More technical details are provided at the end of the page. If you’re interested, click here, otherwise see the functions in action through the following example:

Example

Step 1: Create or setup the working release

Remember that in the new pipeline framework, we always work with a reference version called the “working release.” Therefore, before implementing the dependency workflow, it is important to set up the working release at the beginning of each new R session:

In this example, I am using a “TEST” release to demonstrate the new {pipaux} functionalities for managing dependencies with a release date of “20250203”.


# If no release has been created for the desired date, call pipfun::new_pip_release with the appropriate arguments to create it 
# new_release <- pipfun::new_pip_release()

# Set up the working release 
pipfun::setup_working_release(release  = "20250203",
                              identity = "TEST")

Step 2: Updating an aux data measure

For testing purposes, I am working on a fork of the “aux_censoring” repo in my personal account

measure <- "maddison"
owner   <- "RossanaTat"
aux_fun(measure = measure,
        maindir = getOption("pipaux.working_dir"),
        owner   = owner,
        verbose = FALSE,
        log_overwrite = FALSE,
        log     = FALSE)

# Notice that when log == TRUE, a log of results is available for your information

Step 3 : Checking the Log of Results

The log stores five main types of events:

  • Info: Indicates which measure is being processed.
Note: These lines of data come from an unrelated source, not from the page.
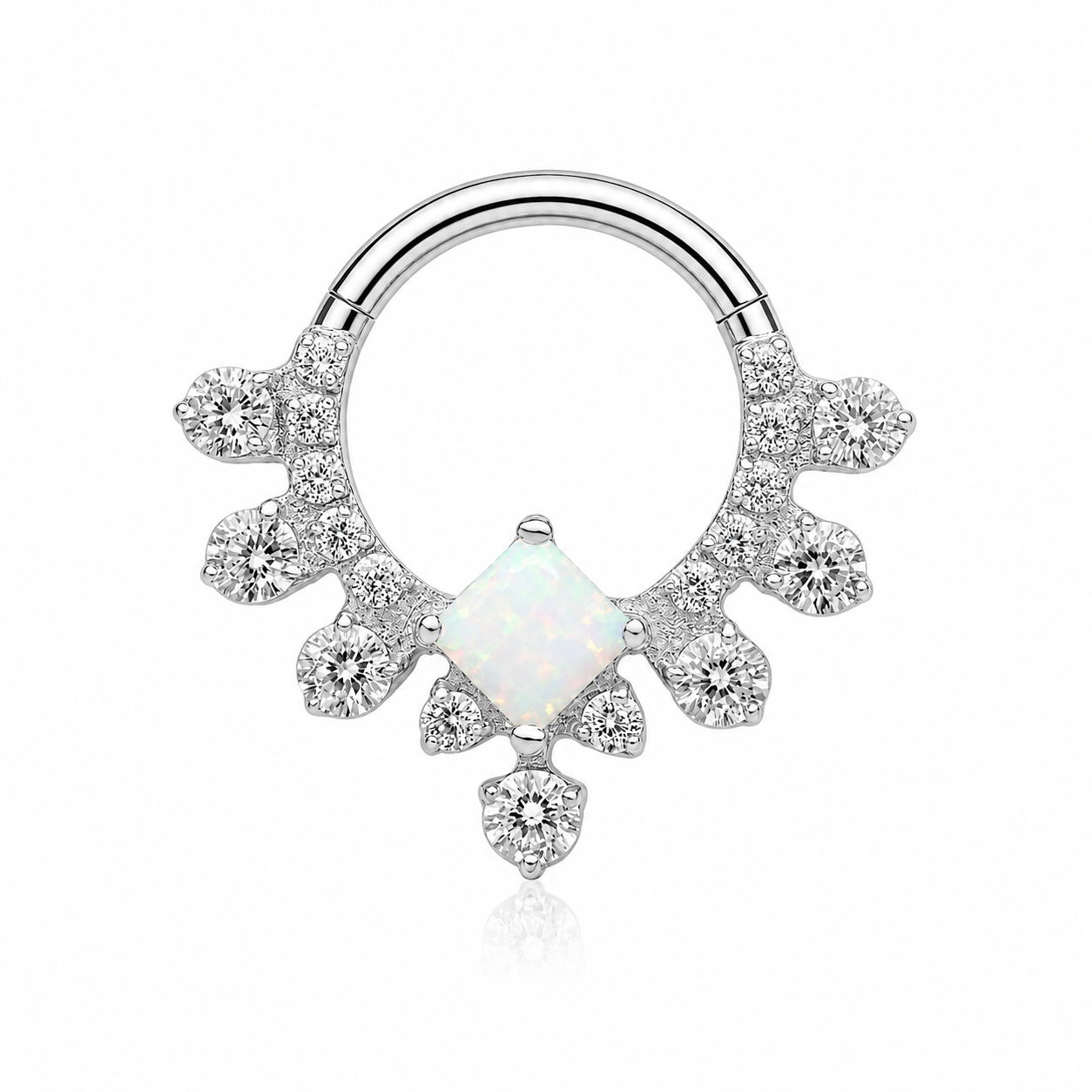 Céleste - Titanium Clicker Ring F136 - Gold Finish - 1.2*8mm - Opal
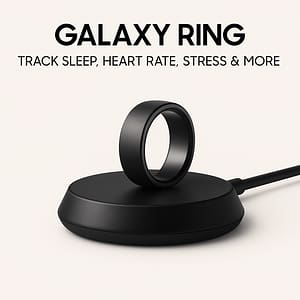 Samsung Galaxy Ring on a wireless charger with launch text highlighting its wearable tech debut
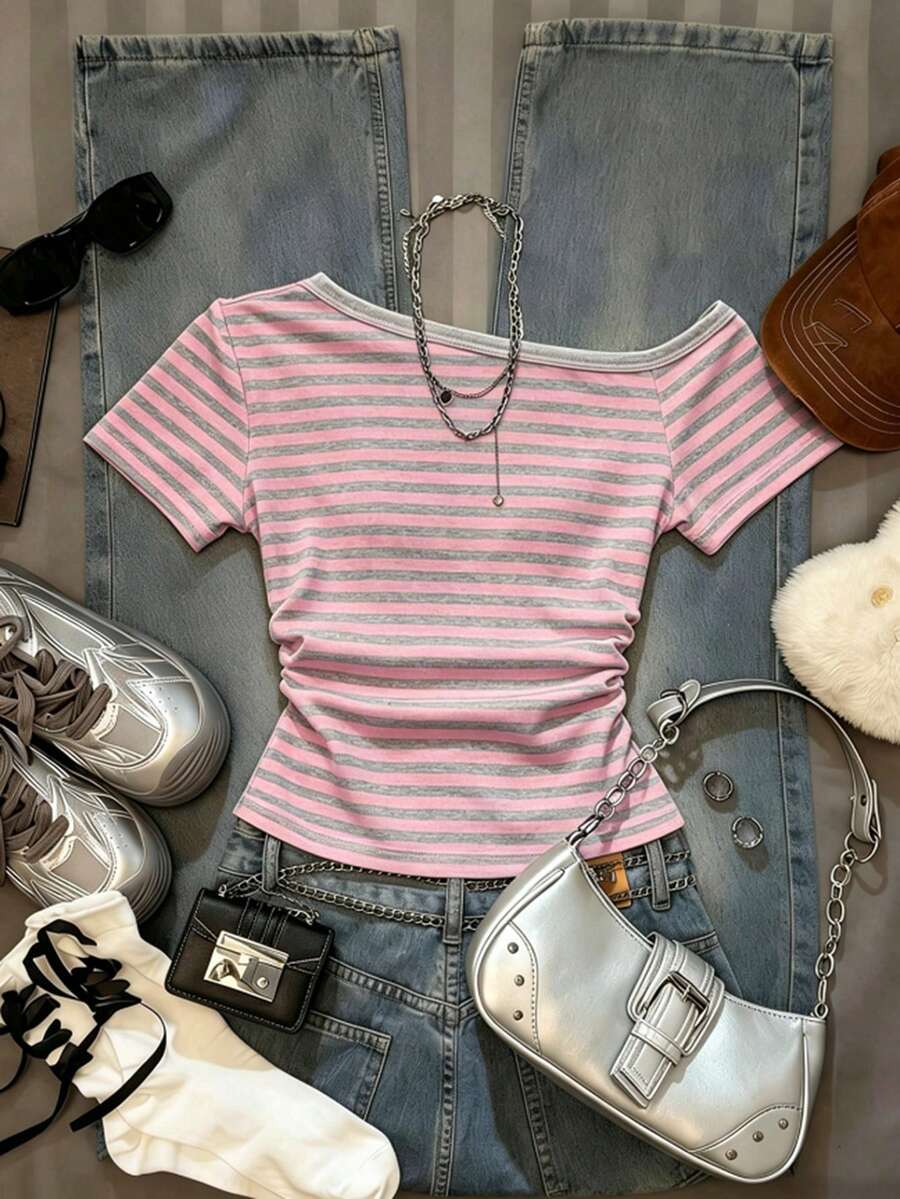 INAWLY Women's Striped Asymmetrical Shoulder Short Sleeve Slim Fit T-Shirt - White - View 1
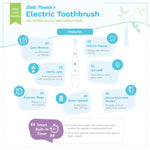 Feature infographic titled 'Electric Toothbrush' listing sonic vibrations, LED lamp, ergonomic design and timer features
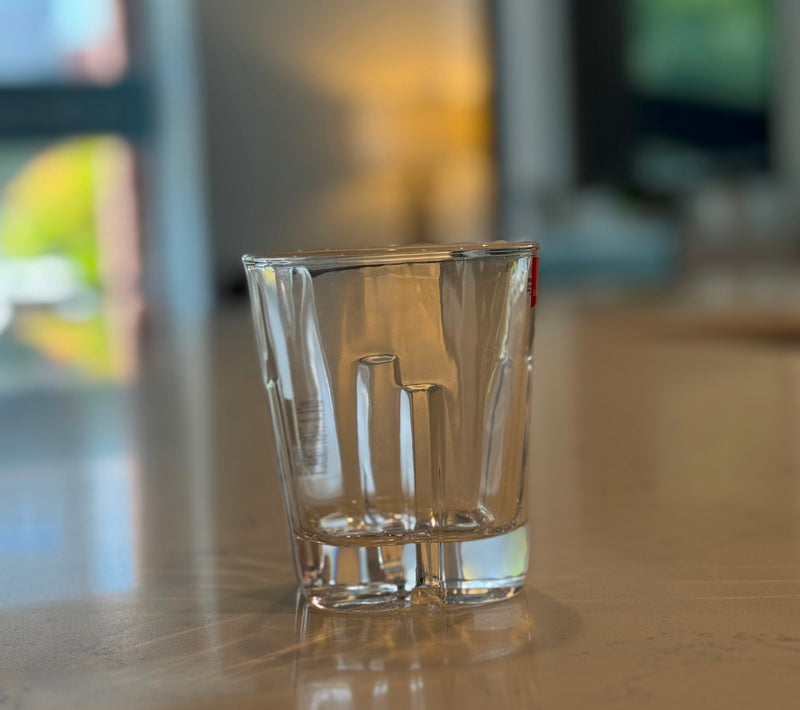 R14 Clear Glass Tumblers – Patterned Base, 320ml (Set of 6)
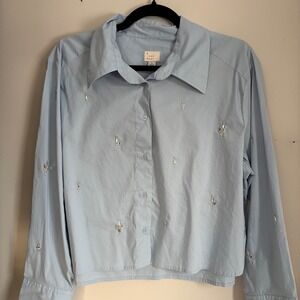 A New Day Womens Blue Button Up‎ Embellished Shirt Size XL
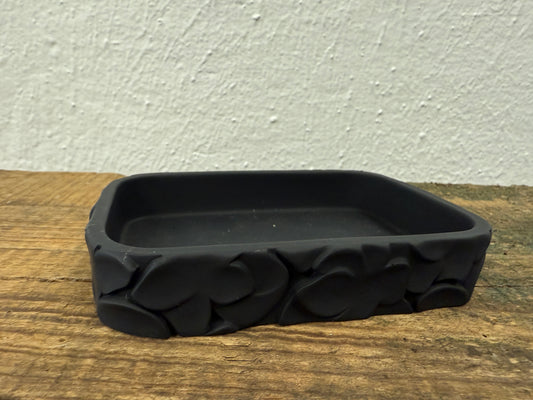 Black Floral Rectangle Poly-resin Soap Dish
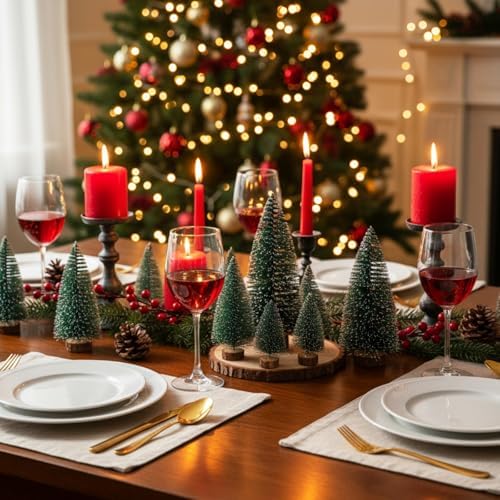 18 Pcs Bottle Brush Trees in 3 Size and 6 Pcs Wood Slices, Green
This is useful to confirm that all dependencies are being handled.

  • Status_check: Reports the synchronization status of both GitHub and the Y drive—for example, whether either or both need to be updated.

  • Error: Indicates a failure in one of the steps.

  • Update: Confirms that an update to GitHub and/or the Y drive was successfully executed.

  • Success: Signals that the entire workflow was completed successfully.


pipfun::log_get(name = "pipaux_update_log")

# Filter a specific type of event 
pipfun::log_get(name = "pipaux_update_log")[]

pipfun:::log_filter(name = "pipaux_update_log",
                    event = "info")

Update All Auxiliary Data Measures Automatically

In order to update all auxiliary data measure automatically, in a way that ensures that both github and our network drive are up to date, you can run the following function. Please note that when measures = NULL, all auxiliary data measures will be processed. Alternatively, you can provide a character vector of measure to update some of them only.


update_all_aux(measures = NULL,
               log = TRUE,
               log_save = TRUE
               )

If log = TRUE and log_save = TRUE, the function will save some details, outputs, metadata on the process in a log file. This log file is saved in the same release folder as the current one you are working with, in the format paste0("pipaux_update_log_", format(Sys.time(), "%Y%m%d_%H%M%S"))

Technical Details

Some info on the update process

There are three types of auxiliary data, i.e., raw, input and output, and different sources of auxiliary data, e.g., from WDI, POV GP, external data etc.. In this vignette, we focus on the formatting of raw data and subsequent saving in the Y: drive. Although different aux data measures are processed in different ways, they all share the following characteristics: The raw data is

(1.) loaded from the corresponding aux_* measure repo in GitHub,

(2.) formatted with pipaux functions,

(3.) saved in the our network drive

During this process, it is essential to load data from the release branch, ensuring that it is up to date with the latest changes from the DEV branch. Additionally, the processed data must be saved in the specific aux_* subfolder within the release folder on the Y: drive.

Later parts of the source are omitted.